I’ve skipped reading issues of Thor since then, because I don’t want the knowledge of what’s come before in Thor to inform my experience of issue 1. I want to read this afresh and see how much sense this makes as a new reader, in the same way that the presumably thousands of new readers picking this up will see it tomorrow morning:
‘And this bit is LIVE FROM A COMIC SHOP IN LONDON ON TUESDAY NIGHT, THE 30TH OF SEPTEMBER, BECAUSE WE CAN’T SELL THEM YET, I’M NOT GOING TO SPOIL THEM BUT NOTHING STOPS ME FOR WRITING ABOUT THEM!…FILTHY NEVS LOOKS AT THOR 1
By the Hoary Fucking Hosts, whoever designed that letters page wants a kick in the Volstaggs.
It’s REALLY, REALLY GOOD!
Thor 1 starts us off with your man having a sulk at Miljthingy whilst Makelith The Accursed leads a group of Frost Giants to attack Earth. The collective Asgardians have a chin wag over the fact that none of them seem to be capable of lifting the hammer anymore (There’s a rather large clue to as why that may be…) and Odin has a strop that’s made even better if you cast Brian Blessed in your head as the voice of Odin, as I have done over the odd periods of time when I’ve cared about reading Thor. (Admittedly the last time being sometime around either the Romita Jr or Simonson era.) Thor decides he’s probably done enough sulking and decides he really ought to do something about Makelith and after that…things get interesting in a way that would probably be a massive SPOILER if I mentioned them here.

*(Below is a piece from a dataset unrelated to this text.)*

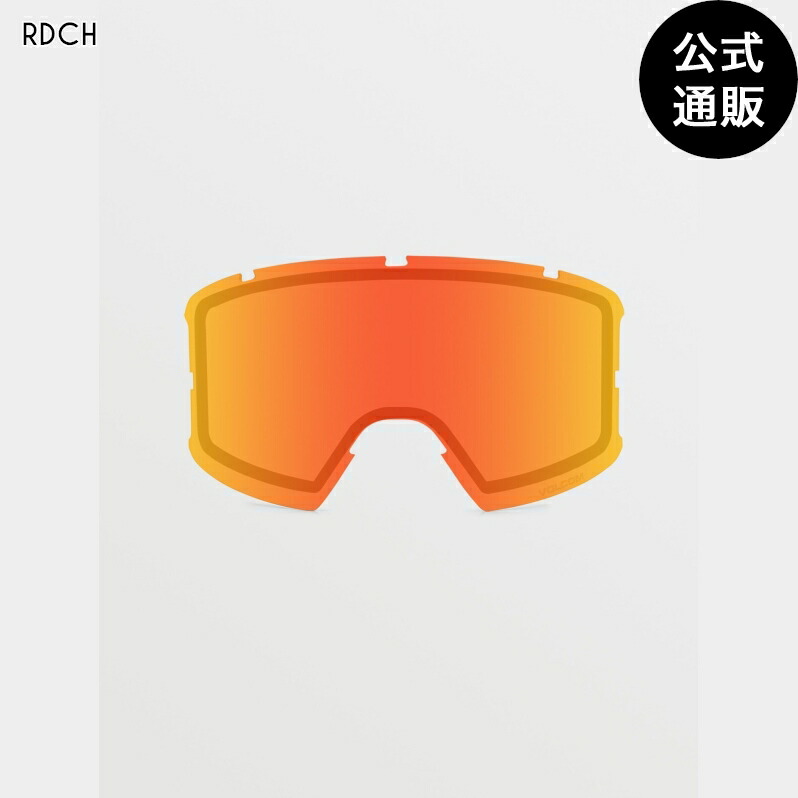 楽天市場】【最短翌日配達】 VOLCOM ボルコム メンズ サングラス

We do get to see who the new Thor IS, though, I can tell you that much, I think. Makes perfect sense as well.
I liked this a lot, as I said earlier, I’ve been trying to avoid both reading comics featuring Thor and any of the sneak previews that have been around the Web so I’d come into this as cold as possible. It recaps exactly why Thor’s in this state without languishing too long in recap confusion Hell, and while there’s probably still a bit too much Shakespearian effect ‘Everyone Must State Their Point Of View Before We Can Move On To The Next Plot Point’ that Marvel have been suffering from for the last few years and Makelith is one more graduate from the ‘Every villain needs to be a Smart Arse Rogue who gets better dialogue than the Hero’ School Of Modern Comic Writing.
The art, however, is the total tits! I haven’t seen Russell Dauterman’s art before now, but he is the star of the show here. He’s somewhere between Geof Darrow. Rafael Grampa and Darick Robertson and there’s a double page spread early on in the book that glued my socks on for fear of Frost Giants freezing my feet off. He’s got natural timing, body language and expression down as much as he does the grand epic battle stuff.
Against my natural judgement of not recommending Marvel comics, I’d say this is one of the better new comics of Marvel trying out this ‘experimenting with female leads’in 2014 (And seriously, how fucked are we as a business that trying to represent half the population of the planet in 7 or 8 comics out of dozens has to be some kind of brave experiment!). So here you go. A very strong Marvel comic featuring a well written, strongly motivated female protagonists. Want more of this kind of thing? Buy this. Now.
‘Don’t Tweet About It, Do It’ (with apologies to The Pink Fairies.)